A Gaussian Process-based Streaming Algorithm for Prediction of Time Series With Regimes and Outliers
Daniel Waxman, Petar M. Djurić
TL;DR
The paper addresses online time-series prediction with regime switching and outliers by improving Gaussian-process-based models. It introduces Lintel, a linear-time online inference algorithm that uses Markovian Gaussian processes and Kalman filtering to provide exact predictive distributions with constant-time updates, outperforming the INTEL approach in speed while matching or improving predictive quality. Key contributions include a full state-space GP formulation, an arithmetic fusion scheme for combining experts, a principled mean-function update mechanism, and extensive experiments showing substantial speedups on synthetic and real data.
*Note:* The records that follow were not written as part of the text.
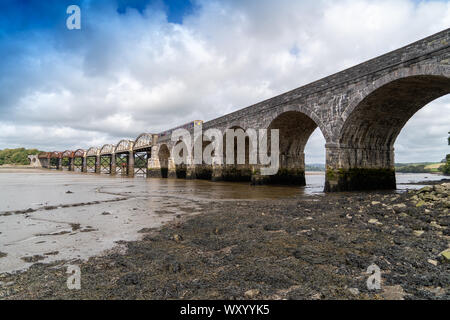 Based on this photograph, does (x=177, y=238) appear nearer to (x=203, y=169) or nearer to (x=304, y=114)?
(x=304, y=114)

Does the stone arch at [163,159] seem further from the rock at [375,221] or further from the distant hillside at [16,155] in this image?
the distant hillside at [16,155]

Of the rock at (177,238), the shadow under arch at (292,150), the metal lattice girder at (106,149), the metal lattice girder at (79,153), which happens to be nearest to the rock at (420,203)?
the rock at (177,238)

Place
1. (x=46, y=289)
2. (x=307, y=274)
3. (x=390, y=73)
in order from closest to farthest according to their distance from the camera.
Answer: (x=46, y=289), (x=307, y=274), (x=390, y=73)

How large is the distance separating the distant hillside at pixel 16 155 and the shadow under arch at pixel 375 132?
4998 inches

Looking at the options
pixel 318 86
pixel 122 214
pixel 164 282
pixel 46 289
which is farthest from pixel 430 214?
pixel 318 86

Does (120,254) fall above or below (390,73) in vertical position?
below

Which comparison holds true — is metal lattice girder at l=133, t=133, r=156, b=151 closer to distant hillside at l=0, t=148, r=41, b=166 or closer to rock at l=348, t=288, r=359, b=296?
rock at l=348, t=288, r=359, b=296

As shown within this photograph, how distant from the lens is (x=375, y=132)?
597 inches

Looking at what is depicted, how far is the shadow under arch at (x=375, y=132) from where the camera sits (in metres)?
12.4

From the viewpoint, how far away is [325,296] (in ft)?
8.10

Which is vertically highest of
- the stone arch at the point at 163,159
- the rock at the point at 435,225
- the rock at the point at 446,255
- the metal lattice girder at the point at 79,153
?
the metal lattice girder at the point at 79,153

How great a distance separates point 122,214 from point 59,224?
5.36 ft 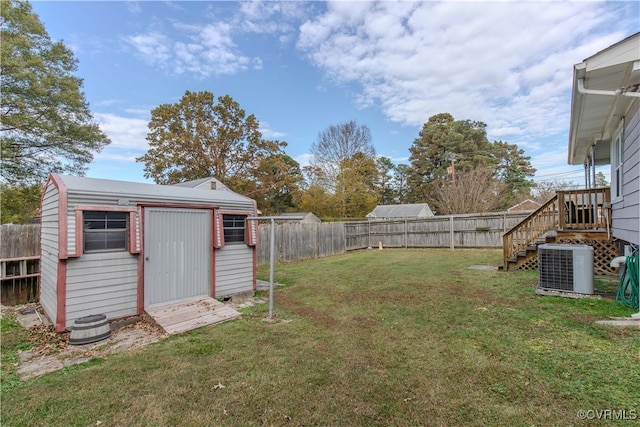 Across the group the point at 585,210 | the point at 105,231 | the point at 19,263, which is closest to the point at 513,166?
the point at 585,210

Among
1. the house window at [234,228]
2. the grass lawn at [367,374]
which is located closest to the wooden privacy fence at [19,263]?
the grass lawn at [367,374]

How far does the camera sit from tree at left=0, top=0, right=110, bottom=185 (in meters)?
11.1

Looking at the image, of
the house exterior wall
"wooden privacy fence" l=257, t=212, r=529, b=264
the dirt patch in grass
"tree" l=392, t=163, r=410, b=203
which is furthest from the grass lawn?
"tree" l=392, t=163, r=410, b=203

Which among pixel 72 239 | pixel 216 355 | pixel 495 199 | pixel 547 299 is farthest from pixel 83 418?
pixel 495 199

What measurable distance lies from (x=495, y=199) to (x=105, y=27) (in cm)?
2611

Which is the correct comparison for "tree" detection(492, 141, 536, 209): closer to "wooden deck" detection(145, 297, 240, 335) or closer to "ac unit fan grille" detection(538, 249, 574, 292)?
"ac unit fan grille" detection(538, 249, 574, 292)

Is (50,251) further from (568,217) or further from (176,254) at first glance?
(568,217)

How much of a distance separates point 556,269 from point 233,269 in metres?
6.29

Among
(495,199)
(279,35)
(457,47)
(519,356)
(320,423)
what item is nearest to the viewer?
(320,423)

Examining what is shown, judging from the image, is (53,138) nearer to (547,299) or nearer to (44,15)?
(44,15)

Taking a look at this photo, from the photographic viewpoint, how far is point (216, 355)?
3.40m

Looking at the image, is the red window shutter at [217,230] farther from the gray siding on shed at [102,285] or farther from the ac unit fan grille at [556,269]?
the ac unit fan grille at [556,269]

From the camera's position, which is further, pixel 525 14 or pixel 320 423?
pixel 525 14

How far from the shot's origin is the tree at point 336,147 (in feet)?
86.0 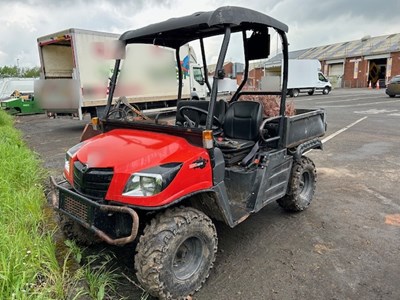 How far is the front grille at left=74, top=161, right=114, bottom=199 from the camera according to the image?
2.45 meters

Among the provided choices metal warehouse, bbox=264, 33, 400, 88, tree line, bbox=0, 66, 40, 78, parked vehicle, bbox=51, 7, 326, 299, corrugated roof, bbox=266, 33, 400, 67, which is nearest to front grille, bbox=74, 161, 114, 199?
parked vehicle, bbox=51, 7, 326, 299

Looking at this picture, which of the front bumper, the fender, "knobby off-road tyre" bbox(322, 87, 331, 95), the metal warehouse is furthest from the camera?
the metal warehouse

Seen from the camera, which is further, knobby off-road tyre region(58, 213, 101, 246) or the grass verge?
knobby off-road tyre region(58, 213, 101, 246)

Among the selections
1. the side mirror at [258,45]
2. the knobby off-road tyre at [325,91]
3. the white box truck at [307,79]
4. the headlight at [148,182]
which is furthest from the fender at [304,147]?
the knobby off-road tyre at [325,91]

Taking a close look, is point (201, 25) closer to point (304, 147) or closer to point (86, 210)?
point (86, 210)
The work advances real-time GP forecasting in the presence of regime changes and outliers, enabling scalable online prediction for high-throughput applications.
Abstract
Online prediction of time series under regime switching is a widely studied problem in the literature, with many celebrated approaches. Using the non-parametric flexibility of Gaussian processes, the recently proposed INTEL algorithm provides a product of experts approach to online prediction of time series under possible regime switching, including the special case of outliers. This is achieved by adaptively combining several candidate models, each reporting their predictive distribution at time $t$. However, the INTEL algorithm uses a finite context window approximation to the predictive distribution, the computation of which scales cubically with the maximum lag, or otherwise scales quartically with exact predictive distributions. We introduce LINTEL, which uses the exact filtering distribution at time $t$ with constant-time updates, making the time complexity of the streaming algorithm optimal. We additionally note that the weighting mechanism of INTEL is better suited to a mixture of experts approach, and propose a fusion policy based on arithmetic averaging for LINTEL. We show experimentally that our proposed approach is over five times faster than INTEL under reasonable settings with better quality predictions.